_TO DO_: Leave out all pictures. Extract exactly the lines from the one containing "Ready To Crush" through the end of the data.

Caption-style text data:
╔══
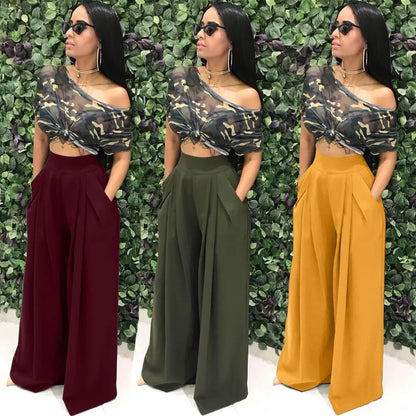 Women Casual Loose Palazzo Pants Autumn High Waisted Wide Leg Trousers Pleated Long Culottes Pants Elastic Waist Trouser Pockets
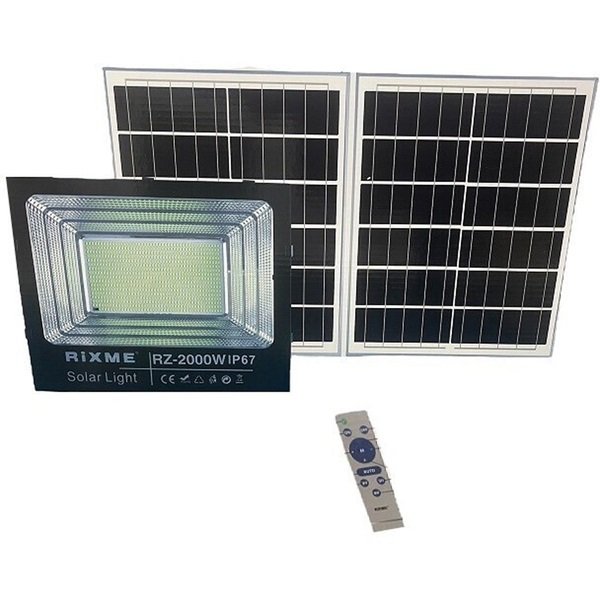 LED Αδιάβροχος Ηλιακός Προβολέας 2000W με 2 Πάνελ και Τηλεχειριστήριο (RZ-144)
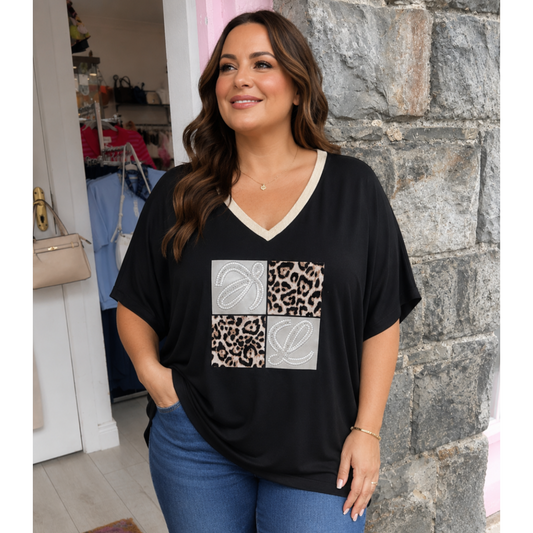Black Leopard Print & Embellished V-Neck Top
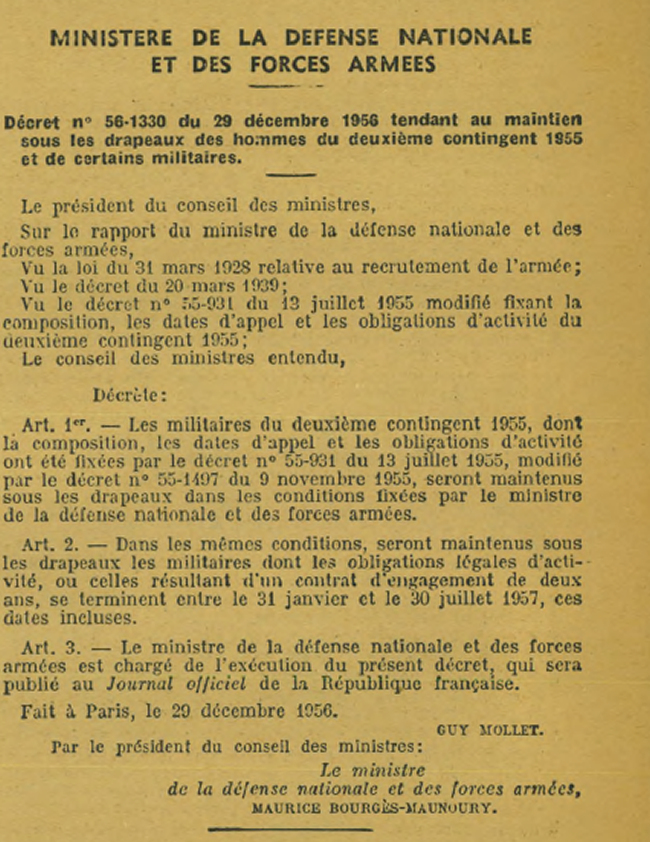Décret maintenant sous les drapeaux les appelés du contingeant 1955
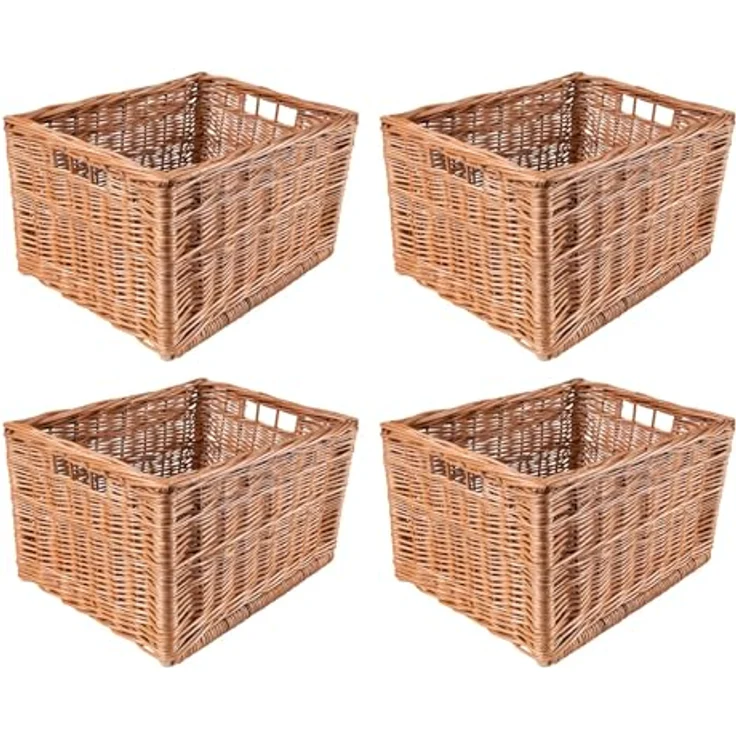 Creative Home Holzkiste Weidenkorb Aufbewahrungskorb, Handgeflochten, Haltbar (4 St), Korb Geflochten Naturkorb mit Griffen Aufbewahrung – Bild 2
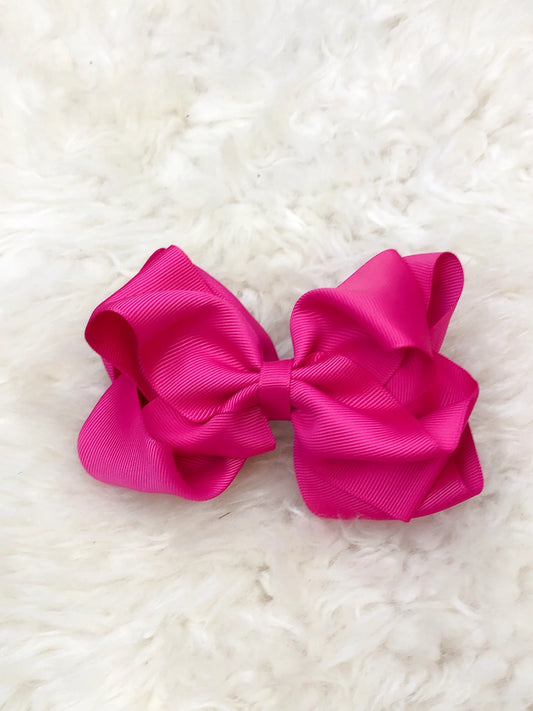 5 Inch Double Layer Bow - #36: Dark Pink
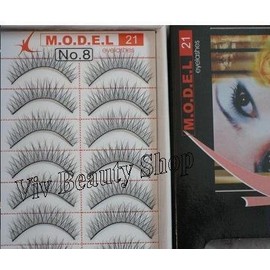 Model 21 High End No. 8, 12, or 17 False Fake Eyelashes 10 Pairs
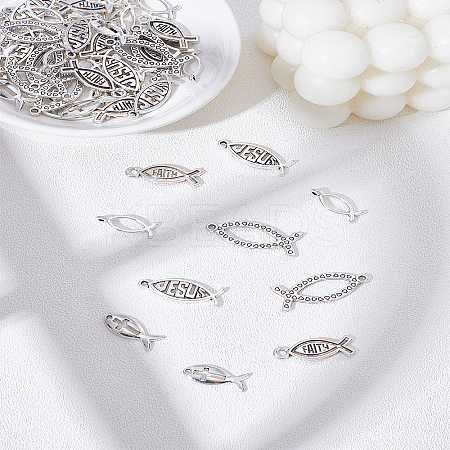 50Pcs 5 Styles Tibetan Style Alloy Pendants FIND-LP0006-50-1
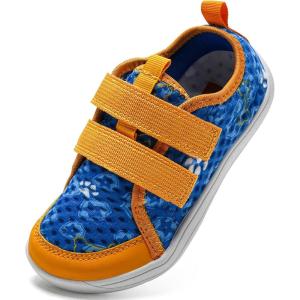 WateLves Wide Toddler Water Shoes Kids Barefoot Beach Swim Aqua Shoes Boys Girls Breathable Mesh Walking Hook and Loop Sneakers(Blue/Yellow)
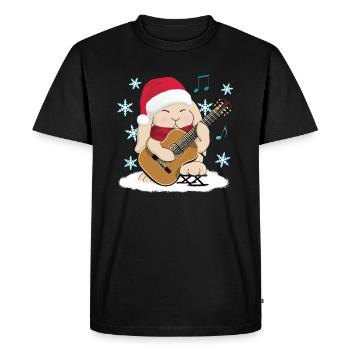 Mignon guitariste classique Lapin à chapeau de Père Noël - T-shirt Premium bio Homme - noir - Devant - Nico (187cm)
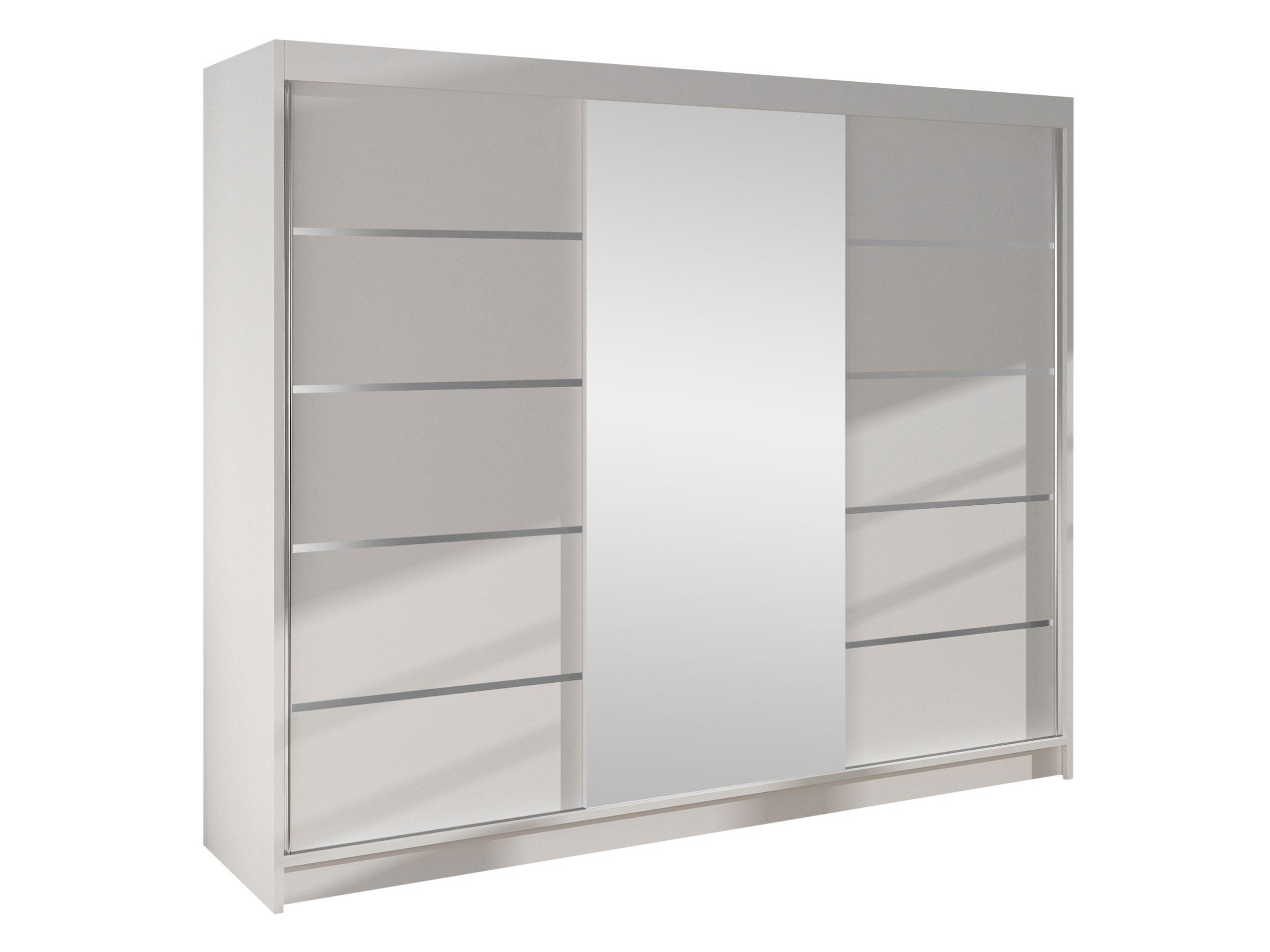 SCHWEBETÜRENSCHRANK Derby VI - Weiß, Holzwerkstoff/Metall (200/215/58cm) - MIRJAN24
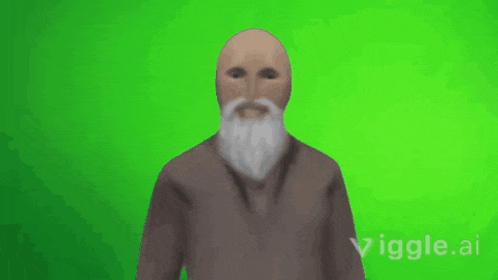 a man with a beard is standing in front of a green screen .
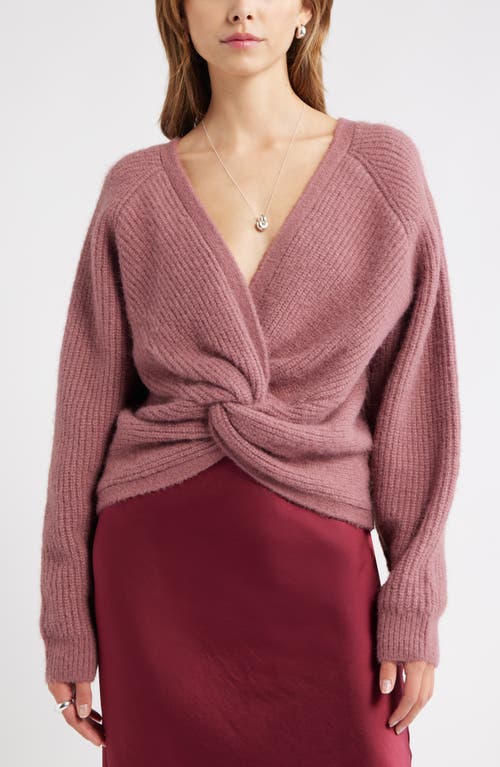 Open Edit Twist Reversible Sweater In Pink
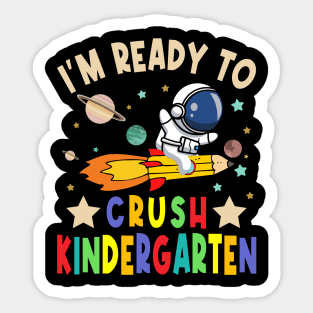 Ready To Crush Kindergarten Boys Astronaut Back To School Sticker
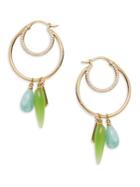 Nadri Double Hoop Stone Earrings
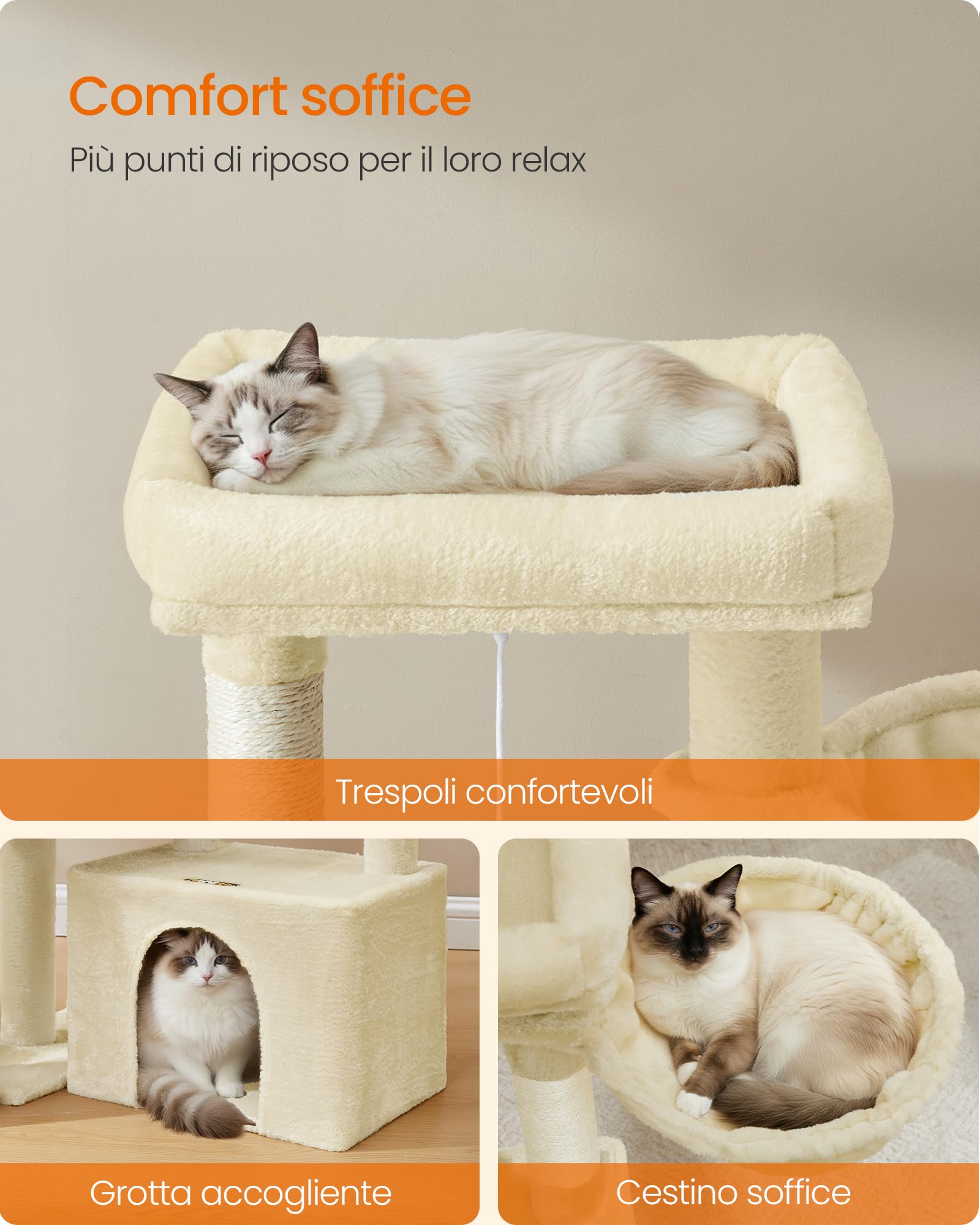 Feandrea Albero per Gatti con 2 Letti Grandi, Tiragraffi con Pali e Rampa Graffiatoio, Alto 85,8 cm, Beige Sabbia PCT013LF01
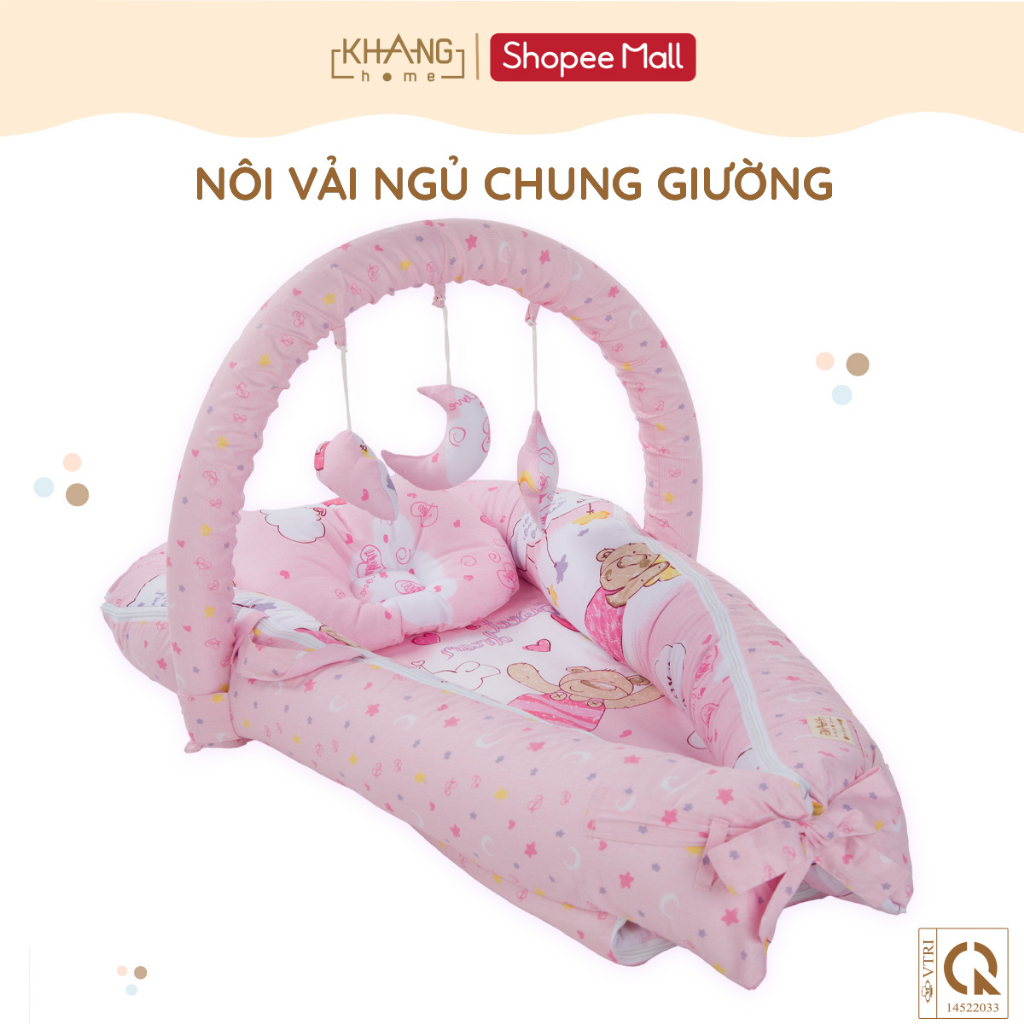 Nôi Vải Ngủ Chung Giường Cho Trẻ Sơ Sinh Khang Home - Cotton Thiên Nhiên Cao Cấp - Giặt Máy Tiện Lợi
╚══
_TASK SOLUTION_:
 Ready To Crush Kindergarten Boys Astronaut Back To School Sticker
 Nadri Double Hoop Stone Earrings
 Feandrea Albero per Gatti con 2 Letti Grandi, Tiragraffi con Pali e Rampa Graffiatoio, Alto 85,8 cm, Beige Sabbia PCT013LF01
 Nôi Vải Ngủ Chung Giường Cho Trẻ Sơ Sinh Khang Home - Cotton Thiên Nhiên Cao Cấp - Giặt Máy Tiện Lợi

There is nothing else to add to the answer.